- [Supplied entries]:
+++
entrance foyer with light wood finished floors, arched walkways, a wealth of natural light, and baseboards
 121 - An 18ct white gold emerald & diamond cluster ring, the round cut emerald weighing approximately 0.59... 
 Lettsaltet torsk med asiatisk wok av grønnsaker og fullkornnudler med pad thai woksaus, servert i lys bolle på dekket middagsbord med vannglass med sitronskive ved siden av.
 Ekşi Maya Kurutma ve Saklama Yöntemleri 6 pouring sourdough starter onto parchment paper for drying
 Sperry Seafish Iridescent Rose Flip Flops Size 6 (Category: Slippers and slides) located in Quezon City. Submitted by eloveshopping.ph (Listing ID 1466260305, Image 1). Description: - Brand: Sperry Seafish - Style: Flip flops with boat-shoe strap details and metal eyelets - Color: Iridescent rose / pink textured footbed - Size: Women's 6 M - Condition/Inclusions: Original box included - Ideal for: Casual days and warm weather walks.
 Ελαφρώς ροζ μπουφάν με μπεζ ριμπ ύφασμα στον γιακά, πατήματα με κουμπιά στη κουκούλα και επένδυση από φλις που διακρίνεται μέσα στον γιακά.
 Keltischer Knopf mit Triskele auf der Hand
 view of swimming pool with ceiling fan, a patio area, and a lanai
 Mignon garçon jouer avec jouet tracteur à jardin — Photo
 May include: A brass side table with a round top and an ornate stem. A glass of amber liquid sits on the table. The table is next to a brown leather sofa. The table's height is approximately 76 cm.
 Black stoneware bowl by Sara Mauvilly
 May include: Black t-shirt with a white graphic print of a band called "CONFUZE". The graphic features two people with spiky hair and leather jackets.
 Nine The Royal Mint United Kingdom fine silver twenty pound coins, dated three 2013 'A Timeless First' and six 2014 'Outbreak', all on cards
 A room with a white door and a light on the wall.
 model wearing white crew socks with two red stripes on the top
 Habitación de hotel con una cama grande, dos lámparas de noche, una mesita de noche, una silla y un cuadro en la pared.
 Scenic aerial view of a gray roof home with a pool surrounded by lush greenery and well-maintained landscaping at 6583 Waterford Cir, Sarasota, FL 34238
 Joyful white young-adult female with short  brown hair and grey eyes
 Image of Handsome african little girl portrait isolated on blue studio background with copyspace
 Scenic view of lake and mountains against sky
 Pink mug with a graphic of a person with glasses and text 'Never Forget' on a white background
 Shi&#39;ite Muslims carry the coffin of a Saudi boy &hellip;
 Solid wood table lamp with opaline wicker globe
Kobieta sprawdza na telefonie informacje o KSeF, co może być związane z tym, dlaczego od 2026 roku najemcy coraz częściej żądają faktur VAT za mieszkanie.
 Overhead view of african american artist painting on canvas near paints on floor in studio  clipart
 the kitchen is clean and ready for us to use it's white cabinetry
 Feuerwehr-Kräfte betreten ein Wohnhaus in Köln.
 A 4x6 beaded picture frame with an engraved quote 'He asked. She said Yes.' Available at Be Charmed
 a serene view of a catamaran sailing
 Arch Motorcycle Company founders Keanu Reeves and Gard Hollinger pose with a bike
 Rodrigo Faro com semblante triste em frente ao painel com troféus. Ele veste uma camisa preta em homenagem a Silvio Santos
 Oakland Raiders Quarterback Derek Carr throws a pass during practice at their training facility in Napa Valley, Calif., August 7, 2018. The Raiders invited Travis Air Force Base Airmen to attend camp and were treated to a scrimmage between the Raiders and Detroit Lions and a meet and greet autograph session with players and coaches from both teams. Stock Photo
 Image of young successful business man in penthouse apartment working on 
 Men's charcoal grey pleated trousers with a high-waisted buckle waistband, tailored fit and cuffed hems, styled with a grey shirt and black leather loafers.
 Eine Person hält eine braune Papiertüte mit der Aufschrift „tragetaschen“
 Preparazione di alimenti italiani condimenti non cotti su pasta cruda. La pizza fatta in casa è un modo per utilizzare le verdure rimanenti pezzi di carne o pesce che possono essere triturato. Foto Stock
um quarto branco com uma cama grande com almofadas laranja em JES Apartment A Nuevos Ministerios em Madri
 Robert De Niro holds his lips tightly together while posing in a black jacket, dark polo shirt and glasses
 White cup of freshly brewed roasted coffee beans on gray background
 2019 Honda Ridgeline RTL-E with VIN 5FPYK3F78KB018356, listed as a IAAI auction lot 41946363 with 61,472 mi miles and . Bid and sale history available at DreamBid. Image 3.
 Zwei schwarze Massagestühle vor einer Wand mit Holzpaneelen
+++
Only the lines from the first line of the records through the one containing "Nine The Royal" should be reproduced, exactly, with both of them included.

- [Answer to the problem]:
entrance foyer with light wood finished floors, arched walkways, a wealth of natural light, and baseboards
 121 - An 18ct white gold emerald & diamond cluster ring, the round cut emerald weighing approximately 0.59... 
 Lettsaltet torsk med asiatisk wok av grønnsaker og fullkornnudler med pad thai woksaus, servert i lys bolle på dekket middagsbord med vannglass med sitronskive ved siden av.
 Ekşi Maya Kurutma ve Saklama Yöntemleri 6 pouring sourdough starter onto parchment paper for drying
 Sperry Seafish Iridescent Rose Flip Flops Size 6 (Category: Slippers and slides) located in Quezon City. Submitted by eloveshopping.ph (Listing ID 1466260305, Image 1). Description: - Brand: Sperry Seafish - Style: Flip flops with boat-shoe strap details and metal eyelets - Color: Iridescent rose / pink textured footbed - Size: Women's 6 M - Condition/Inclusions: Original box included - Ideal for: Casual days and warm weather walks.
 Ελαφρώς ροζ μπουφάν με μπεζ ριμπ ύφασμα στον γιακά, πατήματα με κουμπιά στη κουκούλα και επένδυση από φλις που διακρίνεται μέσα στον γιακά.
 Keltischer Knopf mit Triskele auf der Hand
 view of swimming pool with ceiling fan, a patio area, and a lanai
 Mignon garçon jouer avec jouet tracteur à jardin — Photo
 May include: A brass side table with a round top and an ornate stem. A glass of amber liquid sits on the table. The table is next to a brown leather sofa. The table's height is approximately 76 cm.
 Black stoneware bowl by Sara Mauvilly
 May include: Black t-shirt with a white graphic print of a band called "CONFUZE". The graphic features two people with spiky hair and leather jackets.
 Nine The Royal Mint United Kingdom fine silver twenty pound coins, dated three 2013 'A Timeless First' and six 2014 'Outbreak', all on cards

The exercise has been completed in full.